Contudo, sua metodologia é muito atraente. Uma lógica que é análoga à lógica do movimento punk expressa pelas palavras: “do it yourself” (faça você mesmo).
(Parênteses no texto para a cultura rockeira: em plena crise criativa, o rock mundial estava entrando nos anos 1970, em um marasmo do rock progressivo dos anos 70, elitizado, meritocratizado, tentando se aproximar da música clássica e afirmando que quem era do rock era uma espécie de Deus, superdotado, virtuose, técnico e acima de todos os mortais.
Chegou o movimento punk, a partir do New York Dolls, dos Ramones, foram tocar na Inglaterra e encontraram uns caras malucos, futuros formadores de bandas como Clash e Sex Pistols (the great rock and roll swindle) e gerou um movimento de negação, uma antítese ao rock progressivo, ao heavy metal, à música clássica no rock e que dizia que qualquer um poderia ter sua própria banda e não precisava nem saber tocar instrumentos, cantar.
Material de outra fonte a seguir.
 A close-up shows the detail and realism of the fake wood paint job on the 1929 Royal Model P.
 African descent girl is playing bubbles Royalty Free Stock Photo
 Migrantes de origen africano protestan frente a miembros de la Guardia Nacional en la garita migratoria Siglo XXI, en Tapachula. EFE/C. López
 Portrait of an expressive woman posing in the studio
Um movimento democratizante e socializável nas artes.
Aquilo gerou um movimento antitético maluco, catártico e que renovou o rock com milhares de novos artistas e bandas como um todo, em todas as suas vertentes e mesmo com poucos anos de auge tem impacto até hoje. Sínteses foram geradas a partir do punk. Até na tecnologia... rs
O fato é que o “do it yourself” se aproxima muito do que Paulo Freire propunha na Educação. Logo, essa metodologia é muito poderosa.)
O Fab Lab é bacana. Por ter uma essência punk, ela balançou o coreto ianque e anglo-saxão. Terra em que a idiotização da população norteamericana foi profunda, gerar o caos criativo proporcionou descobertas, avanços e estimulou a criatividade. Coisas como as que ocorreram em San Francisco, Silicon Valley, com bandas como Dead Kennedys, Metallica e as empresas de tecnologia de informação, como os primórdios da Apple e da Microsoft, são exemplos.
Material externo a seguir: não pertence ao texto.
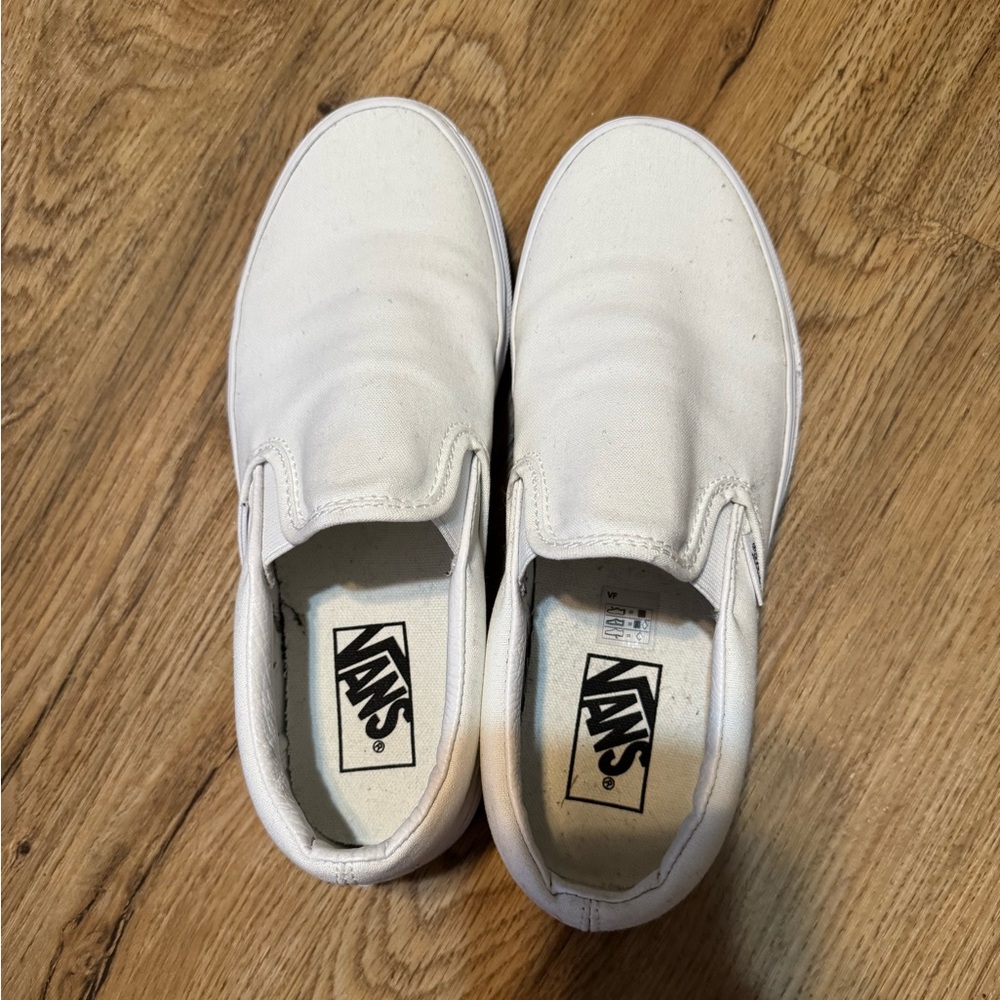 White slip on Vans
Boa parte da revolução técnico-científica em informática ocorreu numa atmosfera de contracultura, com estudantes universitários em suas garagens, inovando, criando softwares, hardwares, muitos com seu underground estabelecido como regra. As universidades tiveram seus “fab labs” em casa.
Voltando ao Brasil, ao programa de governo de uma determinada cidade, isso seria uma loucura. Por quê? Porque estamos em uma pandemia, que em sua saída terá quase a metade da PEA em desalento, precarizada ou “aposentada”, sem função definida. Os recursos de uma administração pública poderão estar em risco, dada a possibilidade de redução na arrecadação devido à crise econômica. Logo, gastar em políticas públicas não orientadas pode ser um risco em si.
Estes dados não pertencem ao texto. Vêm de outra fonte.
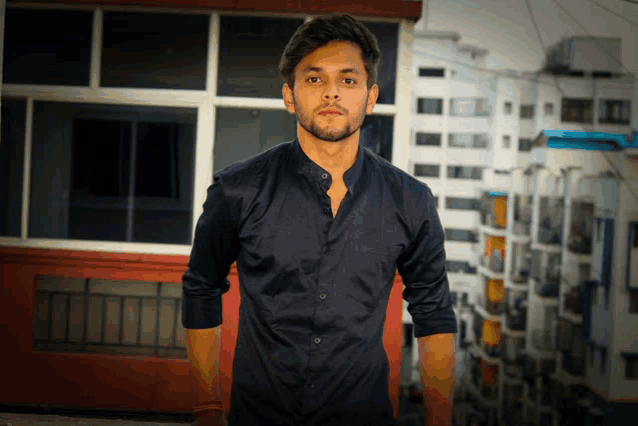 a young man wearing a black shirt stands in front of a building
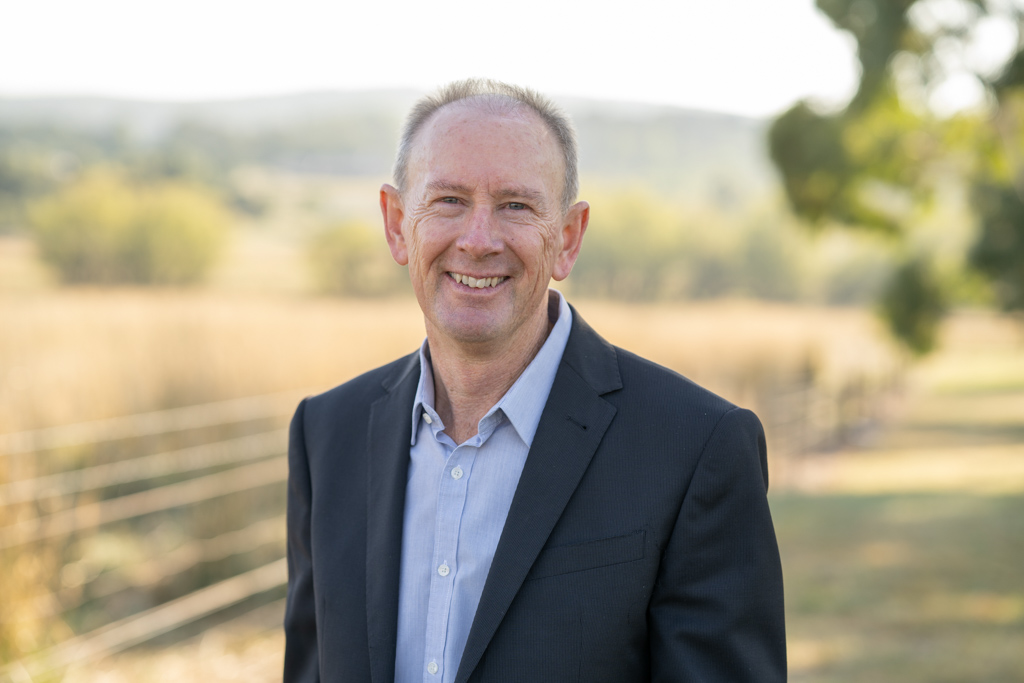 Man wearing a business suit standing in front of fence.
Assim, o Fab Lab pode ser, se for bem dosado, aplicado e orientado, algo muito bom para estimular a criatividade, a solidariedade e utilizar a inteligência individual e coletiva para o bem estar da comunidade. Ou ser simplesmente a utilização de recursos públicos em C&T a fundo perdido, sem resultados, estimulando ações sem resultados práticos em uma sociedade em meio a um Horror Econômico, baseado em uma espécie de linear ofertismo (clique) em um país subdesenvolvido (ver implicações para o Brasil)e sem lastro para algo feito em um país endinheirado como os EUA . O ofertismo linear era forte nos EUA, o que não é possível em outros países do mundo....
Será que o Fab Labs pode ser uma tecnociência solidária? Acho que sim, se orientada para a Economia Solidária, com parcerias com universidades, escolas técnicas e orientando um processo catártico coletivo de criatividade e de inteligência. A redução de custos e as parcerias, que já ocorrem em outras experiências, constroem sinergias, pluralidade e uma orientação para sua integração para a geração de trabalho, emprego e renda, sobretudo de economia e tecnociência solidária.